Reading through the recently released RDNA 2 Instruction Set Architecture Reference Guide I came across some interesting information about raytracing support for the new GPU architecture. Disclaimer, the document is a little light on specifics so some of the following are extrapolations and may not be accurate.

According to the diagram released of the new RDNA 2 Workgroup Processor (WGP), a new hardware unit, the Ray Accelerator, has been added to implement ray/box and ray/triangle intersection in hardware.

That unit can calculate 4 ray/box or 1 ray/triangle intersections per clock cycle. It seems that each WGP has 2 of those units. The Ray Accelerator unit, as part of the ray/triangle intersection test I imagine, can also return the barycentric interpolation coordinates to be used to retrieve (interpolate) data on triangle surface.

A new instruction, **image_bvh_intersect_ray**, has been added to the ISA to expose the Ray Accelerator functionality. According to the ISA documentation this instruction works on both bounding boxes and triangles, depending on the input node type. The instruction is defined as follows:

image_bvh_intersect_ray vgpr_d[4], vgpr_a[11], sgpr_r[4] A16=1

The instruction inputs go through a set of vector and scalar registers: **vgpr_a**[] is the set of inputs, **vgpr_d**[] is the set of outputs and **sgpr_r**[] is the resource descriptor for the BVH tree stored in memory. The input data for the instruction are typical for a BVH traversal algorithm, namely an offset to the BVH node that stores either one or more bounding boxes or the triangle, the maximum ray length (ray_extent, useful to restrict the ray length for short range AO or point light shadows for example), the ray origin and ray direction (and inverse direction which I assume is used by the ray/box intersection test):

vgpr_a[0] = BVH node_pointer (uint32) vgpr_a[1] = ray_extent (float32) vgpr_a[2-4] = ray_origin.xyz (float32) vgpr_a[5-7] = ray_dir.xyz (float32) vgpr_a[8-10] = ray_inv_dir.xyz (float32)

The data returned through the 4 VGPRs used for the outputs (vgpr_d) depend on the type of intersection test. If it is a ray/box intersection the 4 registers hold the pointers (offsets) to the 4 BVH child nodes, sorted by distance (referred to as intersection time in the document) and the hit status. Using those node offsets, and the hit status, the shader can then decide the offset to the node for the next intersection instruction. If it is ray/triangle test, the output registers hold the distance to the triangle and the triangle ID. This could potentially be used, for example, to index into a buffer with triangle data to retrieve positions, normals, uv coordinates etc.

The resource descriptor stored in the sgpr[] registers points to the BVH tree stored in memory. Interesting to note that the descriptor reserves 42 bits to store the number of nodes of the BVH tree which allows for some pretty large BVH trees.
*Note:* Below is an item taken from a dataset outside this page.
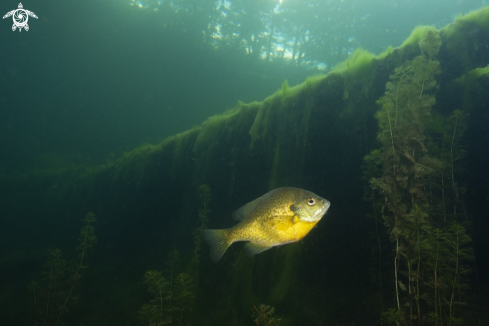 A Bluegill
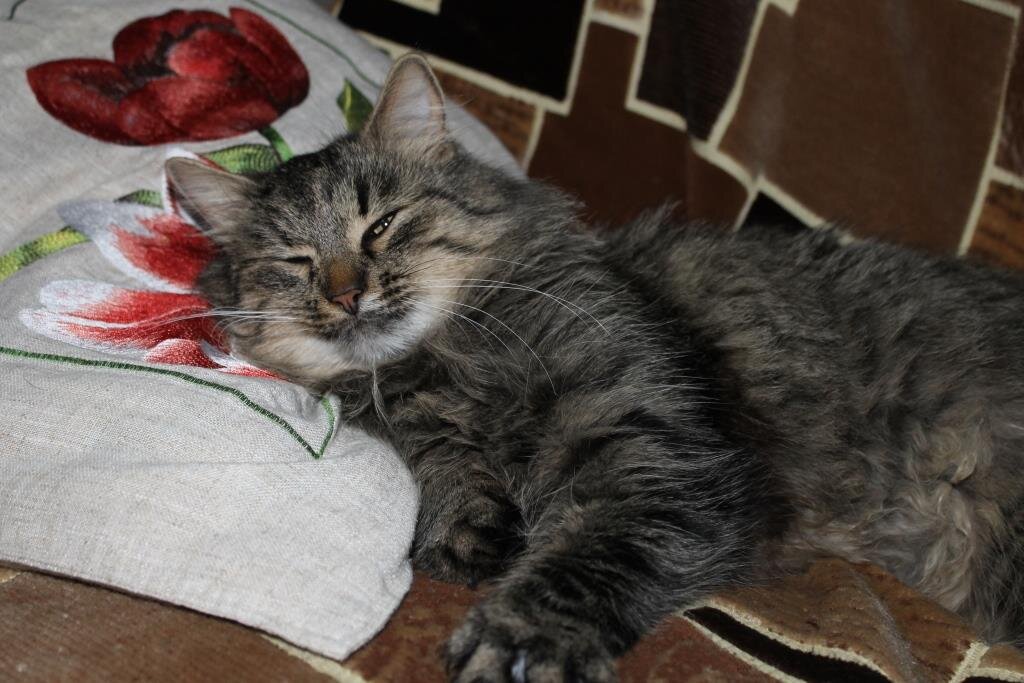 Сильные кошки. Кот Кузя кот Васька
I am not sure how large the actual BVH tree can really be though.

Finally, there is also a mode (A16=1) which allows compressing the ray direction/inverse direction into float16s instead of float32s to “shorten” the instruction and improve instruction cache utilisation and also a variation of the instruction called **image_bvh64_intersect_ray**, which allows for 64 bit pointers to BVH nodes for those extra large BVH trees.
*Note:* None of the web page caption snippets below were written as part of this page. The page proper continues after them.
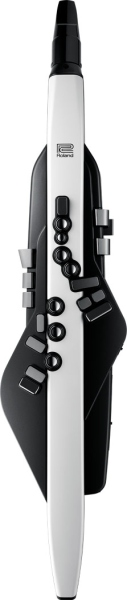 Roland Aerophone AE-20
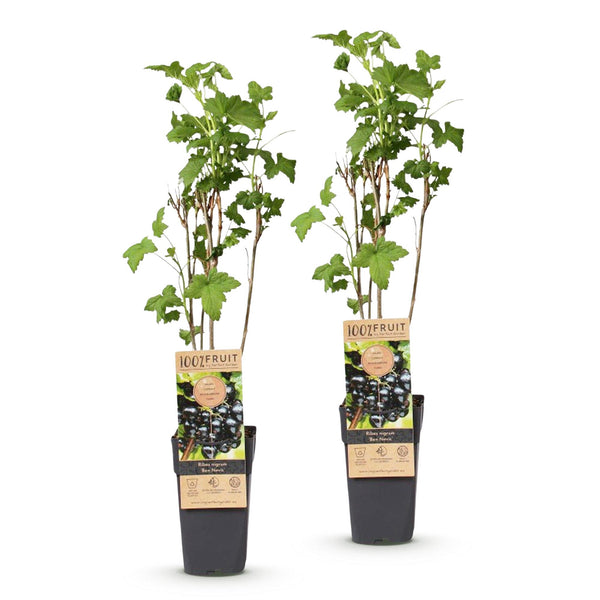 Bessenplant - Ribes nigrum Ben Nevis - Ø15cm - ↕50cm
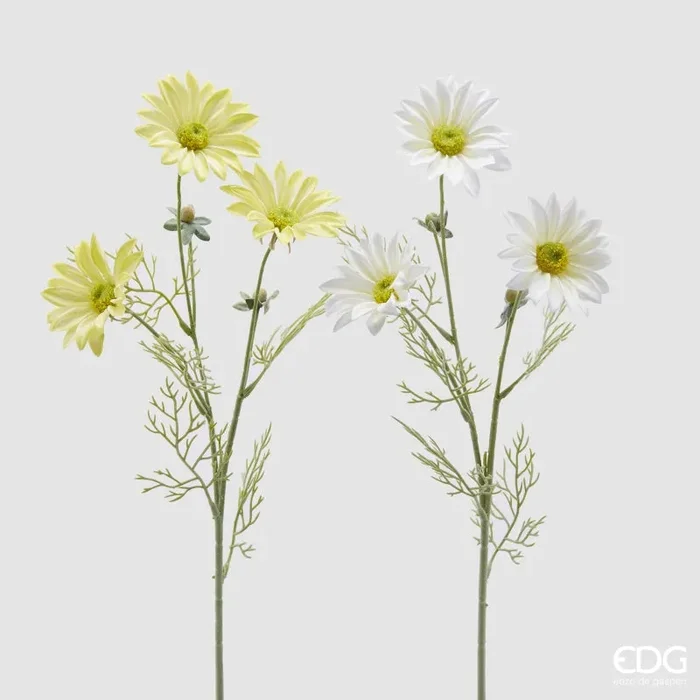 EDG Enzo De Gasperi Ramo Margherita a 3 Fiori con Foglie H 65 Cm Bianco o Giallo 1 Pz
It is worth noting that the instruction works with the base pointer of the BVH tree, stored in memory, and offsets to the BVH nodes, which implies that the shader does not probably have additional options to store, for example, the node data in Local Data Store (LDS) or registers before kicking off the intersection test.

Understandably, the ISA reference document does not say much about the format of the BVH tree, or its nodes, or how it is created. It can be inferred from the return data of the intersection instruction that it is a BVH4 though, i.e. a BVH tree with 4 child nodes per node and probably one triangle in the leaf node.

BVH4 trees for raytracing are used frequently, Intel’s Embree supports that format for CPU raytracing to improve SIMD utilisation. In my toy engine I am using Embree to build BVH2 trees, as they seem better suited to compute shader based BVH traversal. Having support for 4 ray/box intersections per clock in hardware though makes BVH4 appealing for GPU raytracing as well.

The basis of all raytracing algorithms is the ray/axis aligned bounding box and ray/triangle intersection tests and this is where most of the tree traversal time is spent on. Accelerating this part of the raytracing algorithm, supporting 4 ray/box intersections or 1 ray/tri intersections per clock, is expected to give large performance gains. As an example, the ray/box intersection I am using in my compute shader based raytracing demos is around 22 ALU instructions, it will be great to get the equivalent of four times the amount of instructions in a single clock. It would also be great if this instruction was exposed in HLSL someday to allow the option for custom acceleration structures and traversal schemes.